Pada saat kita ingin mengkaji perubahan masyarakat Sunda,
maka kita akan dihadapkan dengan sedikitnya tulisan mengenai perubahan yang
terjadi pada kebudayaan suku ini yang beredar di masyarakat. Sebagian besar
tema-tema yang diangkat mengenai suku ini adalah mengenai resep masakan dan
juga tata cara pelaksanaan pernikahan adat Sunda. Selain dari dua hal tersebut,
sedikit tulisan saya temui mengenai kesenian Sunda dalam bentuk tari dan tari Sunda
ini lah yang akan coba saya kaji dalam paper
ini. Tari Sunda yang saya maksud di sini adalah tari topeng, Tayub dan Ronggeng.
B.
MASALAH
Berdasarkan
latar belakang tertulis di atas serta keterbatasan pengetahuan, paper saya kali ini berusaha untuk menjawab
pertanyaan tersebut di bawah ini:
1. Ideologi
apakah yang termuat dalam tari topeng, tayub
dan ronggeng dan adakah perubahan
ideologi pada tari-tari tersebut pada saat ini?
2. Dari
lapisan sosial masyarakat mana kah tari-tari tersebut lebih diapresiasi?
C.
PEMBAHASAN
MASALAH
Dalam
mencoba menJawab permasalahan di atas, saya melakukan kajian pustaka yang tidak
begitu banyak. Sebelum memulai untuk menjawab pertanyaan pertama, ada baiknya
kita melihat dulu pengertian dari seni. Maruska Svasek, pada bukunya yang
berjudul Anthropology, Art and Cultural
Production mengetengahkan pandangan Boas akan seni yang kemudian dikaji
oleh ilmuwan lain menggunakan paradigma Fungsionalisme, Strukturalisme dan
Etnosains pada bab 3 yang berjudul From
Visual Communication to Object Agency. Boas, dengan teori relativisme
kebudayaannya (Cultural Relativism),
mendefinisikan seni sebagai bentuk aksi lintas budaya dengan ciri-ciri khusus,
dengan kekhasan budaya, makna atau fungsi yang bisa dikaji dan dibandingkan
secara obyektif (2007: 38).
Salah
satu pandangan yang berlandaskan pada paradigma Fungsionalisme adalah dimana
seni dipandang sebagai sistem komunikasi yang kemudian dikritisi oleh Geertz
yang memandang bahwa bahwa hubungan antara seni dan kehidupan kolektif tidak
semata-mata dipandang begitu saja karena seni memiliki nilai simbolis yang
kemudian dipandang oleh Clifford tidak dapat menkritisi relativisme kebudayaan
Boaz yang merupakan sumber dari pemikiran Fungsionalisme.
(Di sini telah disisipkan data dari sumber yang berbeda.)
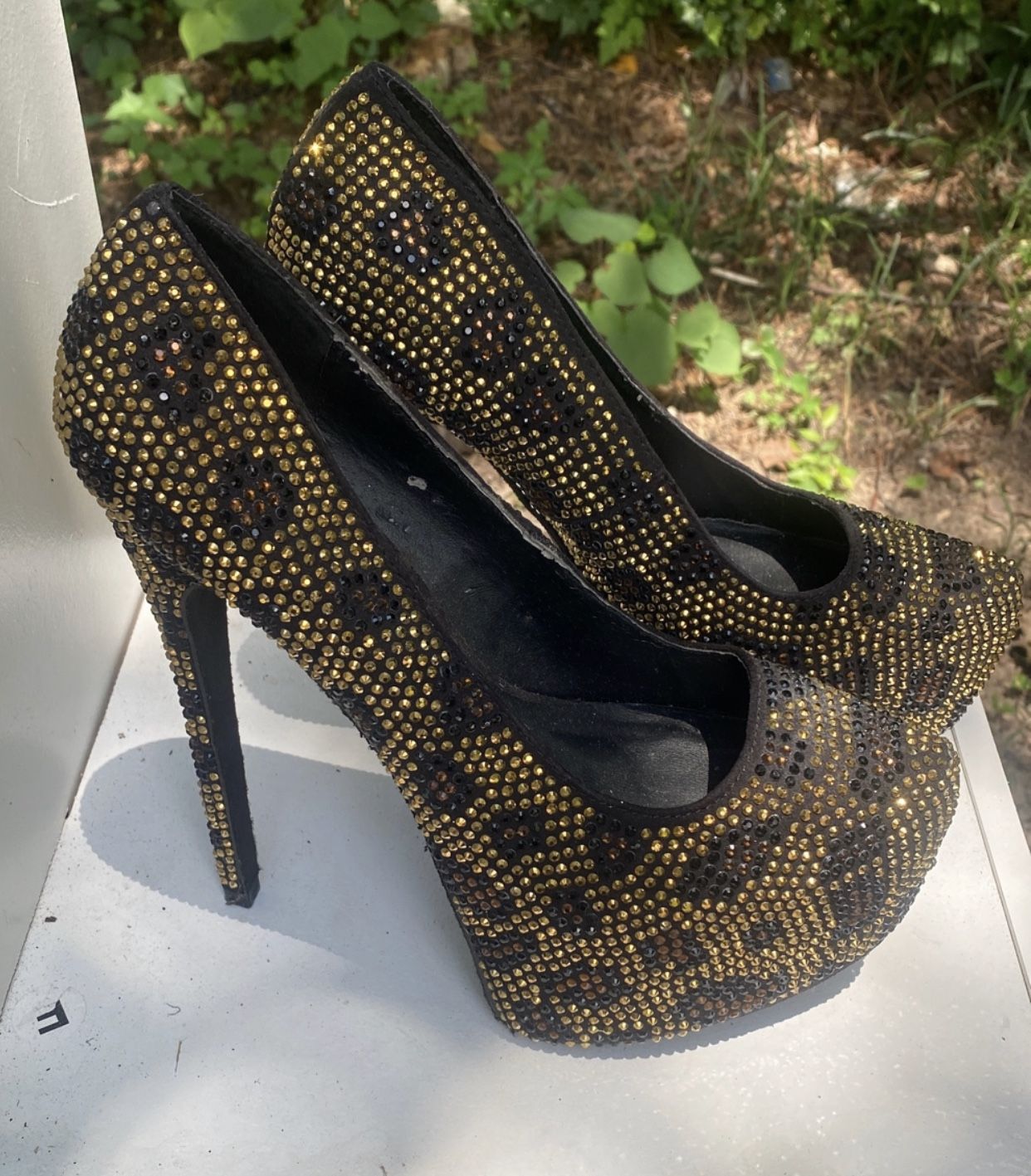 👠 Steve Madden Gold & Black Rhinestone Heels – Like New!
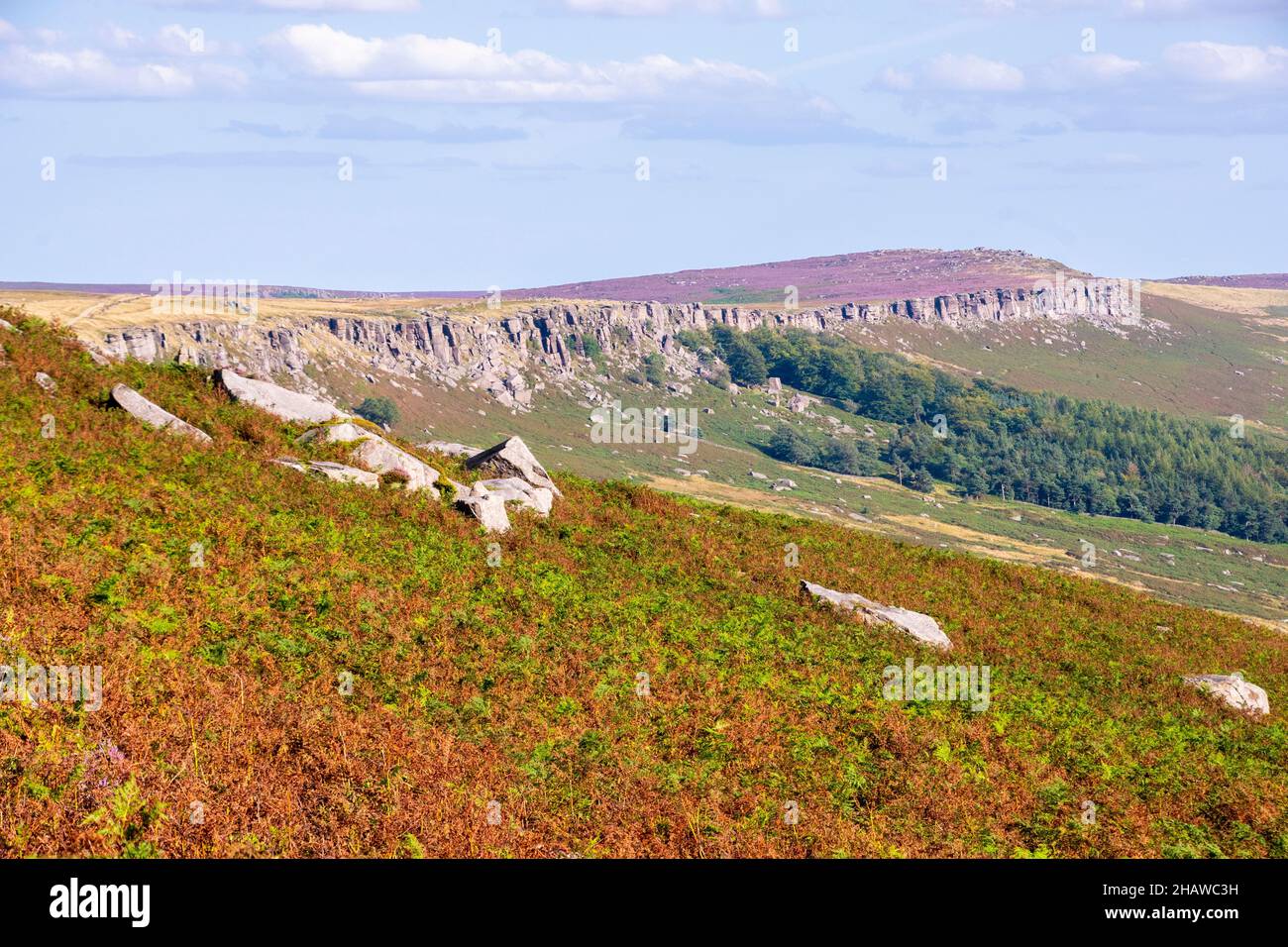 Stanage Edge est un bord de falaise de 4 miles de long ou escarpement de pierre à aiguiser le paysage de moorland à Hope Valley, Peak District, Royaume-Uni Banque D'Images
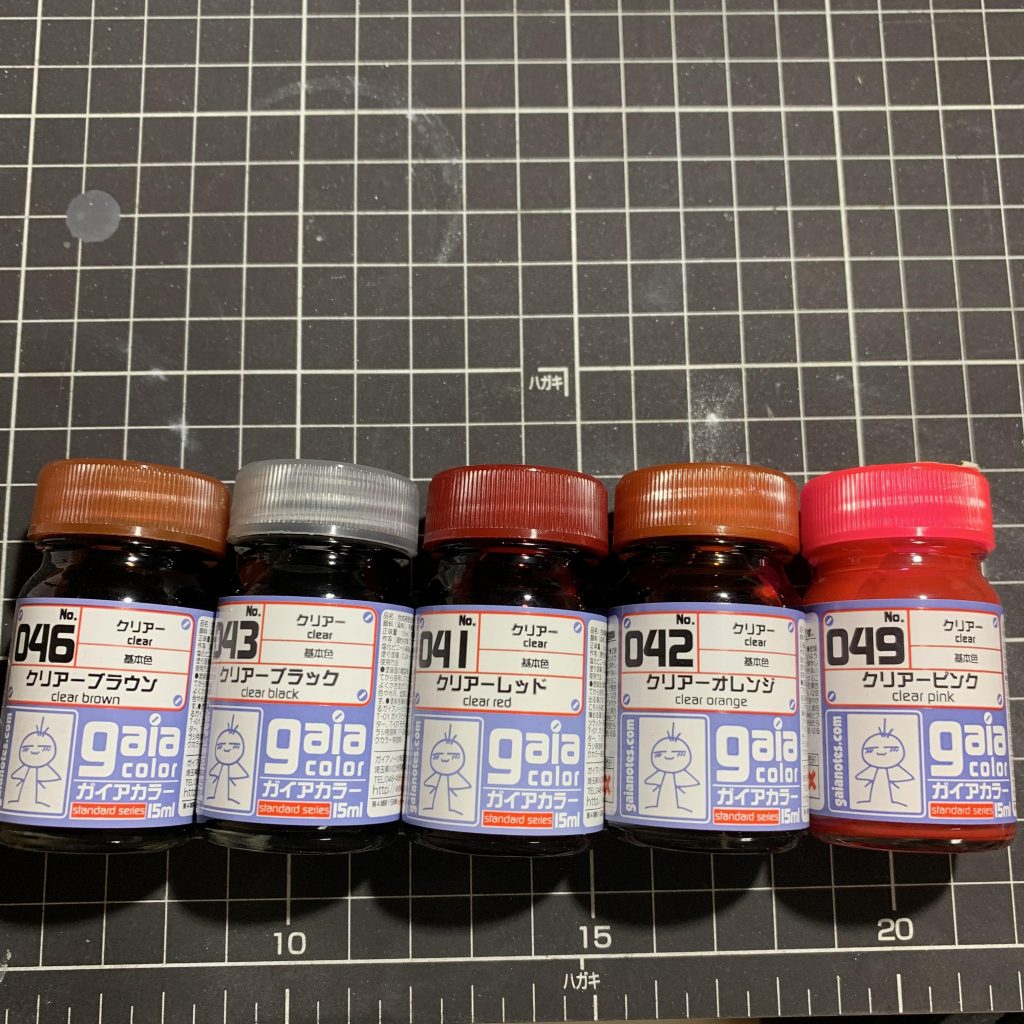 クリアを調色しながら重ねていきましたが全体の濃さのバランスが非常にシビアで良い練習になりました。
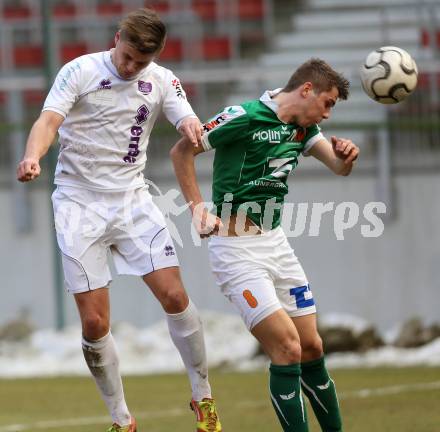 Fussball Regionalliga. SK Austria Klagenfurt gegen SV Wallern. Michael Tschemernjak (Austria Klagenfurt), Dominic Schierhuber (Wallern). Klagenfurt, 23.3.2013.
Foto: Kuess
---
pressefotos, pressefotografie, kuess, qs, qspictures, sport, bild, bilder, bilddatenbank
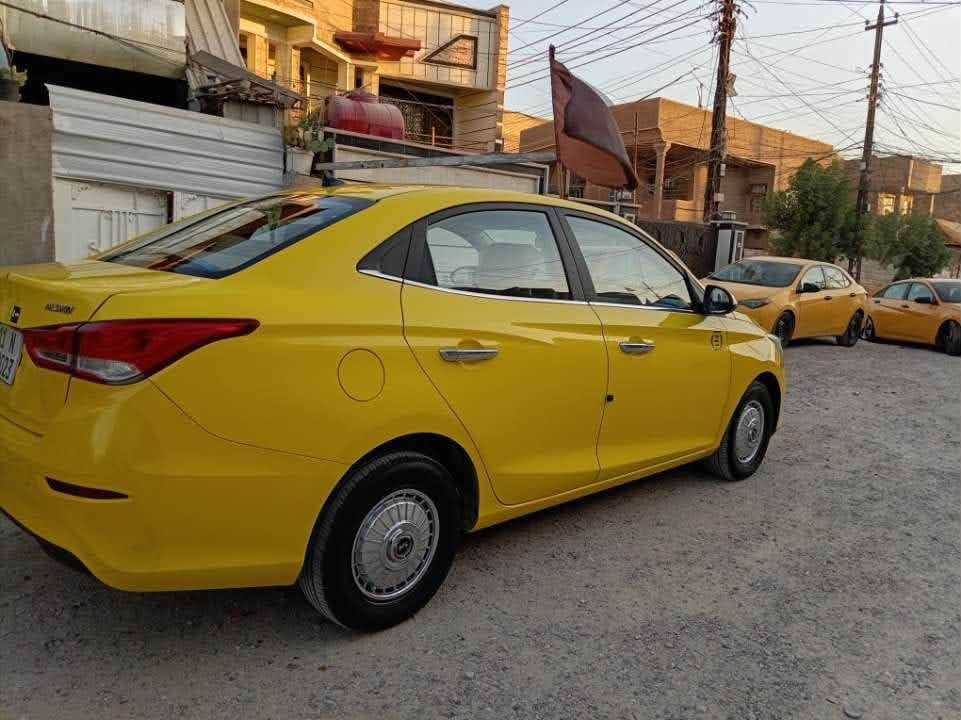 السلام عليكم شانجان موديل 24 حره تخم تاير باتري البارحه شاده جديد حداديه داخل جديد دوشمه الكاعيه غاز او بانزين السياره خير من الله ماشيه 76 او بعد مواصفات الشانجان معروفه للبيع فقط مكان السياره بغداد ***********
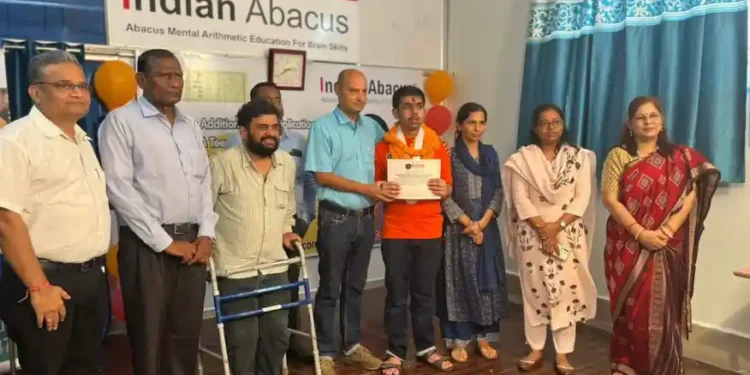 ऑटिज्म पीड़ित जमशेदपुर के किशोर ने बनाया इंडिया बुक रिकॉर्ड, 15 मिनट में हल किए गणित के 208 सवाल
Relativisme
kebudayaan Boaz, menurut Svasek hanya dapat dihindari dengan memiliki pemahaman
bahwa kebudayaan adalah suatu signifying
process and examining objects in transit and transition. Barthes, dalam bab
ini, adalah ilmuwan yang menyatakan bahwa signification
was a dynamic process, not a timeless system (2007: 43). Pada kesimpulannya Svasek menyatakan bahwa para ilmuwan pada
perkembangannya memusatkan perhatian mereka pada proses dan ideologi dari
produksi budaya.
Raymond
Firth juga menulis mengenai seni dalam sebuah artikelnya yang berjudul Art and
Anthropology dalam sebuah buku yang diedit oleh Jeremy Coote dan Anthony
Shelton yang berjudul Anthropology Art
and Aesthetics. Sebelum mengemukakan pandangannya akan seni, pertama-tama
dia mengetengahkan pandangan Robert Redfield yang melihat seni sebagai
perluasan dari pengalaman (enlargement of
experience) (1992: 15). Namun Firth memandang bahwa seni adalah “… part of the result of attributing
meaningful pattern to experience or imagined experience. It is primarily a
matter of perception of order in relations, accompanied by a feeling of
rightness in that order, not necessarily pleasurable or beautiful but
satisfying some inner recognition of values” (1992: 16). Dari pernyataan
Firth tersebut ada satu hal yang saya garisbawahi yaitu values atau nilai-nilai. Berdasarkan pada kesimpulan Svasek dan Firth, kesenian atau seni memiliki
ideologi atau nilai-nilainya tersendiri dan adanya proses dalam kesenian itu
sendiri.
Dalam paper ini
saya menggunakan definisi seni oleh Firth yang pada garis besarnya memandang
seni sebagai pemaknaan akan sesuatu yang berpola. Setelah mengetengahkan
definisi akan seni, saya akan melanjutkan pembahasan mengenai kata ‘tari’ itu
sendiri. Sebuah buku yang diterbitkan oleh Departemen Pendidikan, Kesenian dan
Pengetahuan bersama-sama dengan Java
“Instituut” yang berjudul Tari DJawa
dan Sunda, tari dimengerti sebagai cara menggerakkan badan yang selaras dengan
irama yang menjadi jelmaan hidup-jiwa mewujud menjadi hasil seni (1948: 61).
“Dari
purbakala sampai sekarang, dalam kalangan bangsa manapun djua di muka bumi ini
tjara menggerakkan badan jang selaras dengan irama itu memang ada. Itulah tari,
jang mendjadi djelmaan hidup-djiwa, mewudjud djadi hasil seni.”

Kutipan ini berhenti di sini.